– Projekt tzw. ustawy odległościowej jest do tego stopnia szkodliwy – zarówno dla dalszego rozwoju energetyki wiatrowej, jak i dla już eksploatowanych farm wiatrowych, ale także dla budżetu państwa oraz dotkniętych nim gmin – że trudno sobie wyobrazić jego wejście w życie w niezmienionym kształcie – mówi Wojciech Sztuba, partner zarządzający TPA Horwath.
Niedawno branżą OZE wstrząsnęła wieść o nowym projekcie ustawy odległościowej, tzw. „antywiatrakowej”. Zwolennicy energii wiatrowej podnieśli larum, gdyż projekt nie daje żadnych szans na rozwój energetyki wiatrowej w Polsce; więcej nawet – może zahamować rozwój inwestycji.
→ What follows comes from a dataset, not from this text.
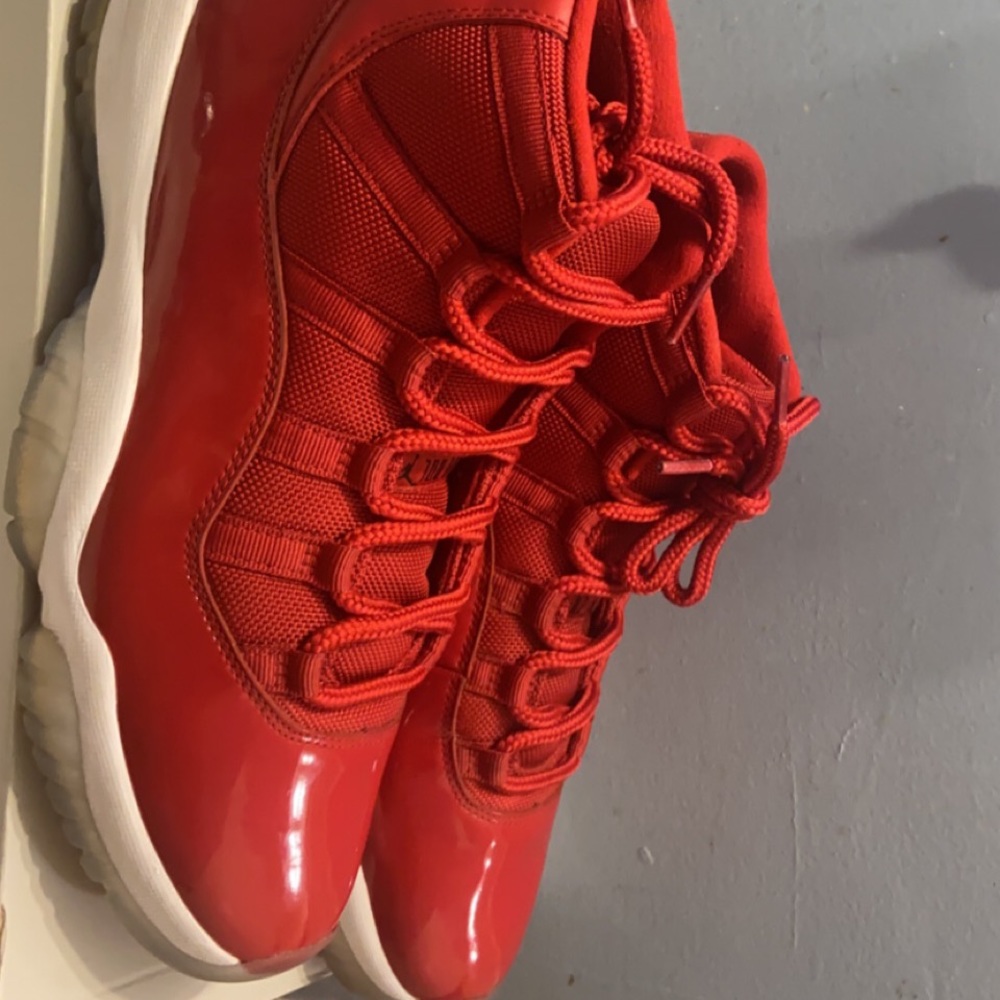 Jordan 11s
Projekt zakłada bowiem ustalenie sztywnej, minimalnej odległości turbin wiatrowych od zabudowań na poziomie 10-krotności wysokości całej instalacji.
W polskich warunkach oznacza to praktyce wstrzymanie rozwoju farm wiatrowych – apeluje międzynarodowa organizacja TPA Horwath, która jako kolejna, po Konfederacji Lewiatan i Polskim Stowarzyszeniu Energetyki Wiatrowej skrytykowała projekt ustawy odległościowej.
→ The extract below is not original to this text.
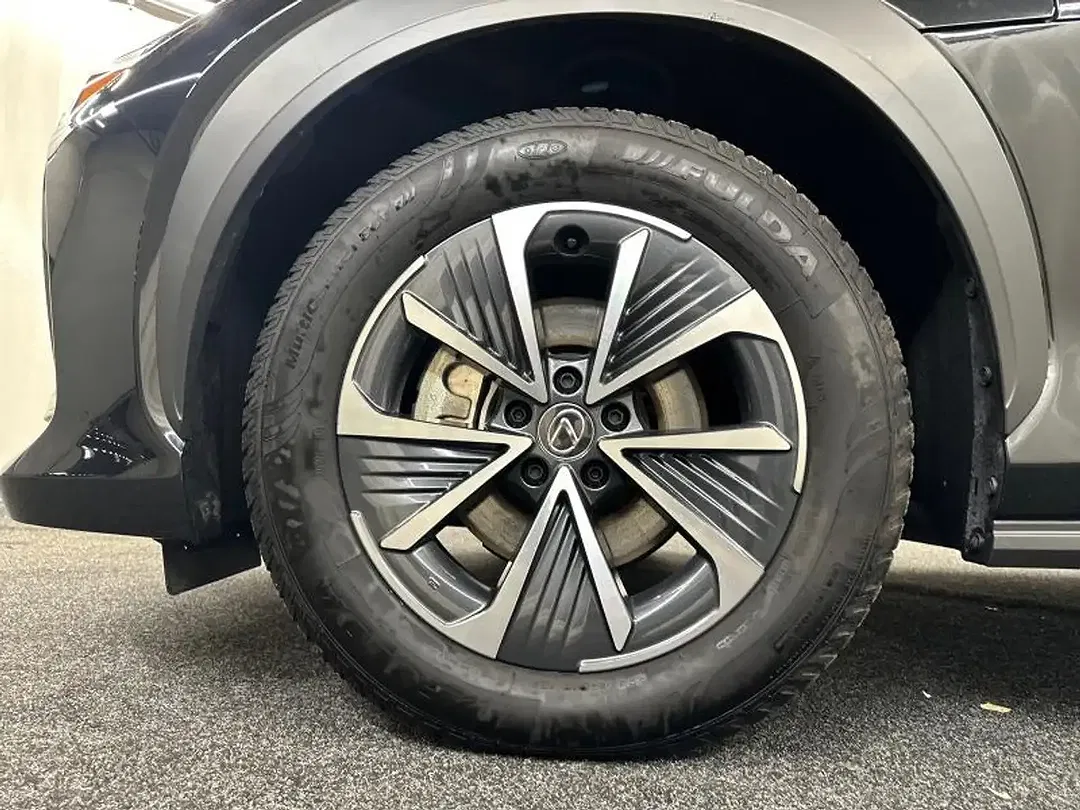 Lexus RZ 4x4 Executive Line - Thumbnail 13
Zagrożona branża, inwestycje, miejsca pracy
Jeśli inwestycje w moce wiatrowe będą musiały ustąpić miejsca innym technologiom, automatycznie wzrosną koszty produkcji energii. Energia elektryczna, którą w ramach nowego systemu aukcyjnego dla OZE mogłyby wyprodukować farmy wiatrowe, będzie musiała zostać zastąpiona przede wszystkim przez produkcję z instalacji wykorzystujących biomasę, biogaz oraz z elektrowni słonecznych. Spowoduje to, że średni długoterminowy koszt energii elektrycznej z wyżej wymienionych technologii (ang. Levelised Cost of Energy - LCOE) będzie o ok. 60 zł wyższy (za każdą megawatogodzinę) niż mógłby być przy zastosowaniu elektrowni wiatrowych. Zwiększony koszt produkcji energii (średnio z 340 zł/MWh aż do 400 zł/MWh) najbardziej obciąży konsumentów i przedsiębiorców.
TPA Horwath zwraca również uwagę na problem zastępowania obecnie działających elektrowni wiatrowych nowymi mocami. Zablokowanie dalszych inwestycji sprawi, że produkcja zielonej energii, która miałaby być wytwarzana przez nowe farmy wiatrowe, będzie musiała zostać wygenerowana przez inne źródła odnawialne. Z szacunków TPA Horwath wynika jednak, że koszt zastąpienia instalacji wiatrowych nowymi mocami w pozostałych technologiach OZE będzie stopniowo wzrastał i w 2042 roku sięgnie 2,6 mld zł, które trzeba będzie dopłacić dodatkowo każdego roku, gdyż inne technologie OZE produkują energię drożej niż energetyka wiatrowa.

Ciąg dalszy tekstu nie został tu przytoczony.